Monday, March 07, 2011

DUI Appeal of the Day (DAD) - Warrant was “invalid”- 4th amendment testimony inadmissible

In State of Utah v. Dominguez, --- P.3d ----, 2011 WL 692811 (Utah), 2011 UT 11 a judge erroneously issued a telephonic search warrant authorizing a blood draw from defendant that was not issued in compliance with the rule requiring the magistrate to retain the search warrant and all supporting documents. The Supreme Court, however, found that the failure to do so did not require exclusion of the evidence. "[N]ot all constitutional errors trigger exclusion: “the exclusionary rule is designed to deter police misconduct rather than to punish the errors of judges and magistrates.” United States v. Leon, 468 U.S. 897, 916 (1984) (emphasis added)."
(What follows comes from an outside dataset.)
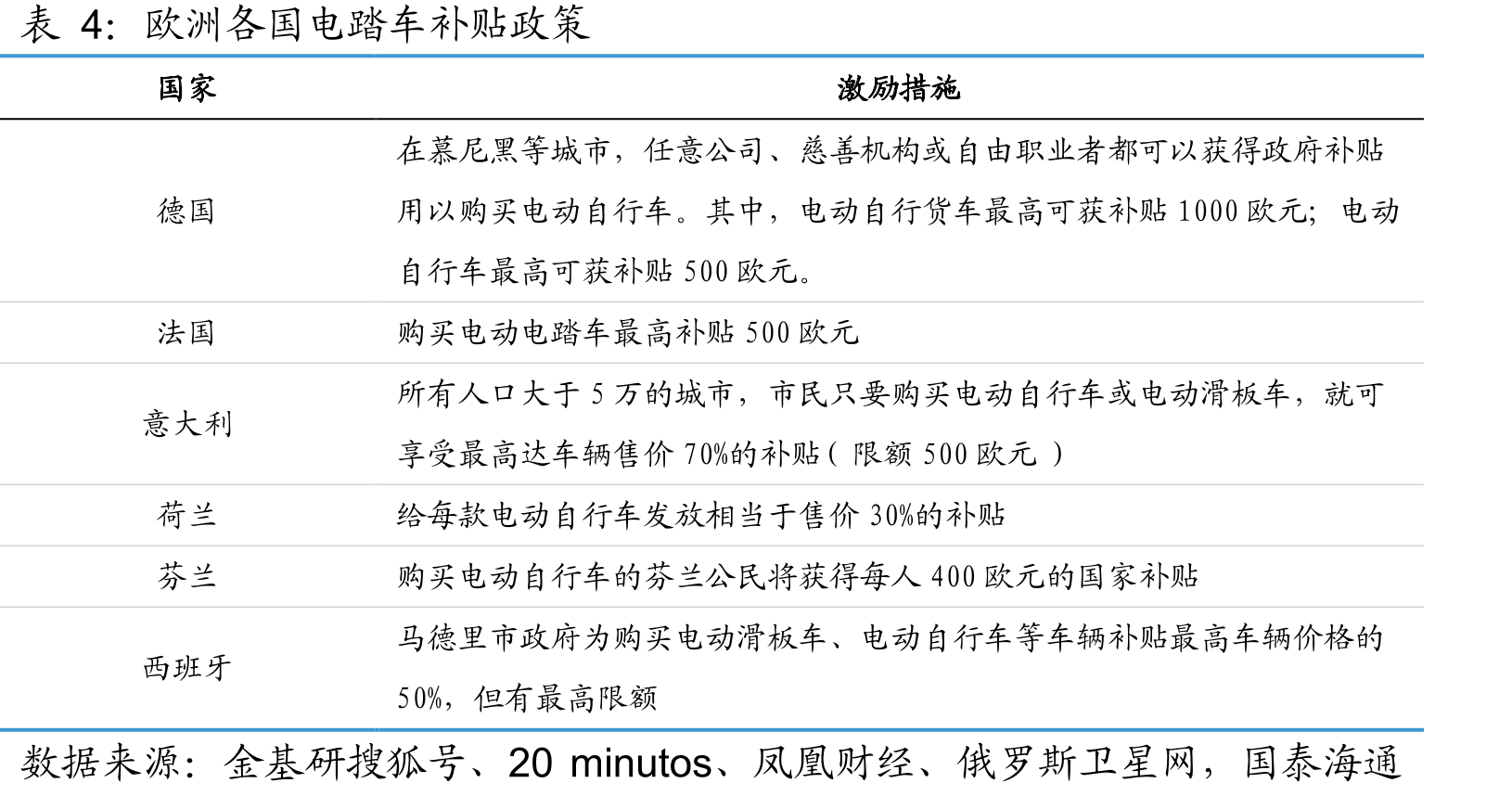 禁摩令后中国电动两轮车占比大幅攀升_第5页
Of equal interest in the opinion was the courts resolution of whether the defendant was prejudiced at all. The court first noted that the defendant's 'silence' in not contesting the accuracy of the officer's averments in the application essentially conceded to their truth. The defendant countered that such an analysis would compel the defendant to choose between testifying at a Franks hearing and making admissions that could be used against him later, or tacitly accept the violation of his rights. The courts response to that argument was as follows:

In testifying at a Franks hearing, Dominguez would not have had to “forfeit his Fifth Amendment right to remain silent,” as the court of appeals concluded. State v. Dominguez, 2009 UT App 73, ¶ 17, 206 P.3d 640. In fact, the law is well settled that “when a defendant testifies in support of a motion to suppress evidence on Fourth Amendment grounds, his testimony may not thereafter be admitted against him at trial on the issue of guilt unless he makes no objection.” Simmons v. United States, 390 U.S. 377, 394, 88 S.Ct. 967, 19 L.Ed.2d 1247 (1968). “Without this rule, a defendant would have to surrender his Fifth Amendment privilege against self-incrimination in order to assert a valid Fourth Amendment claim.” State v. Hansen, 2002 UT 125, ¶ 49 n. 4, 63 P.3d 650.

Note: The case is yet another example that, even if a violation of law is proved in the area of search and seizure, courts are expecting that there be a policy justification before blindly ordering a suppression of evidence.